Work required:
Leave the pictures out, and repeat exactly every line from the one with "Sexy Style Light" through the end of the data below.

Dataset content:
Segment Open
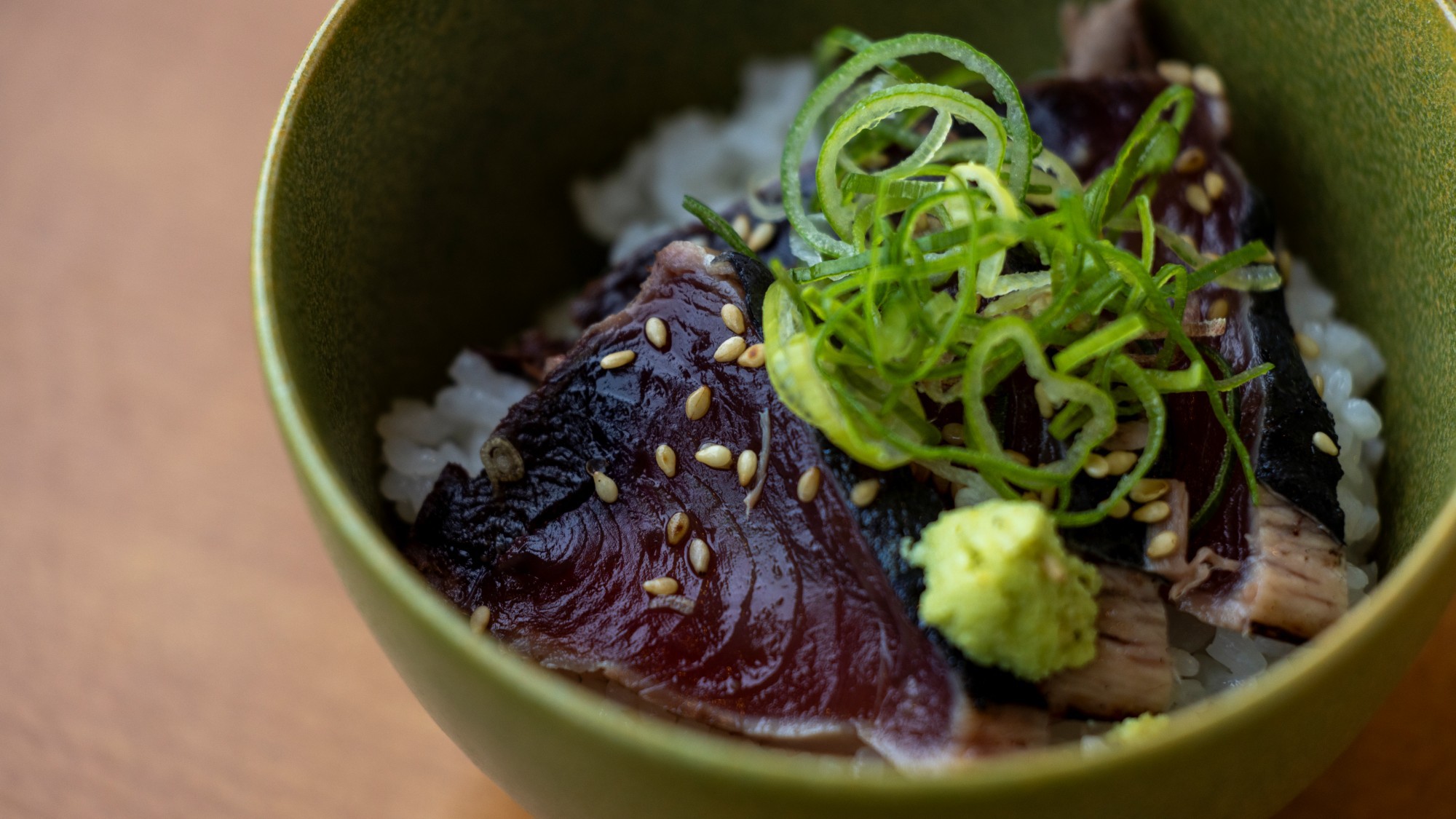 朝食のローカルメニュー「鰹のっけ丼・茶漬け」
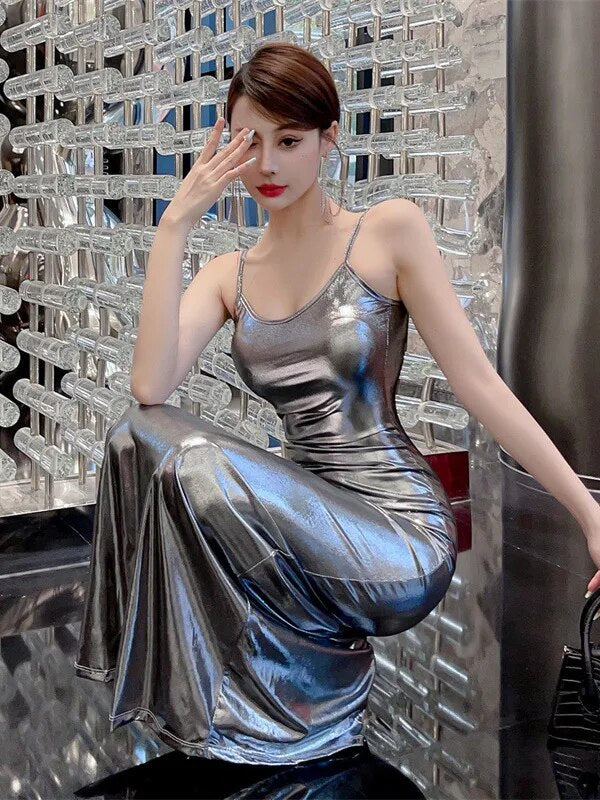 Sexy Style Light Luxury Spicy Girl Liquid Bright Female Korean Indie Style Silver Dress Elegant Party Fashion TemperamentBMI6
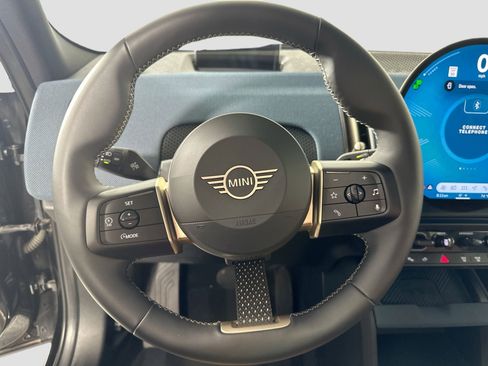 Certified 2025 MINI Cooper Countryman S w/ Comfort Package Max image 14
Segment Closed
Solution:
 Sexy Style Light Luxury Spicy Girl Liquid Bright Female Korean Indie Style Silver Dress Elegant Party Fashion TemperamentBMI6
 Certified 2025 MINI Cooper Countryman S w/ Comfort Package Max image 14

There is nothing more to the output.